Differential expression of cyclophilin isoforms during keratinocyte differentiation.

Cyclophilin A, the major intracellular binding protein for the immunosuppressive drug cyclosporin A (CsA), was studied in human keratinocytes during differentiation both in vivo and in vitro. Analysis of cyclophilin by gel-filtration radiobinding-assay with tritiated CsA showed one specific radioactive peak at 17 kDa. By this technique, the levels of cyclophilin (mean 55.23 +/- 8.43 pmol/mg protein) did not significantly differ during keratinocyte differentiation. When the protein extracts from calcium-induced differentiating keratinocytes and normal human skin were analysed by PAGE radiobinding-assay, two specific radioactive CsA-binding peaks were detected. The major peak (RF 0.13) was expressed in all samples (mean 47.32 +/- 17.53 pmol/mg protein) whereas the minor peak (RF 0.23) was dramatically decreased about 6-fold in abnormally differentiated skin (psoriasis) as well as in non-differentiated keratinocytes.
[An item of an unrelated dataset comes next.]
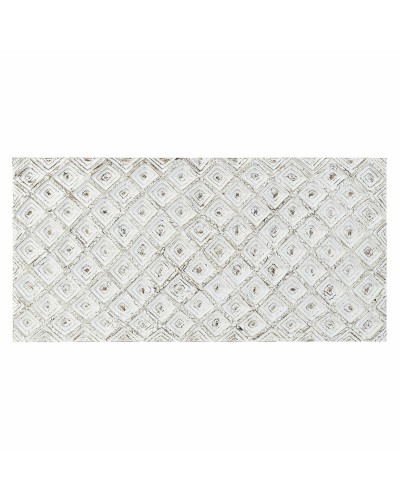 Cabecero de Cama DKD Home Decor 162 x 4 x 82 cm Blanco Madera MDF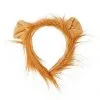Spirit Halloween Faux Fur Lion Ear Headband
At least six [3H]CsA-binding isoforms with pI values ranging from 5.58 to 7.75 were detected by isoelectrofocusing autoradio-blotting-assay in normal human skin; three of them immunoreacted with antibodies to cyclophilin. These results demonstrated the presence of several cyclophilin isoforms in human epidermal cells and an expression which correlated with the differentiation of human keratinocytes both in vivo and in vitro.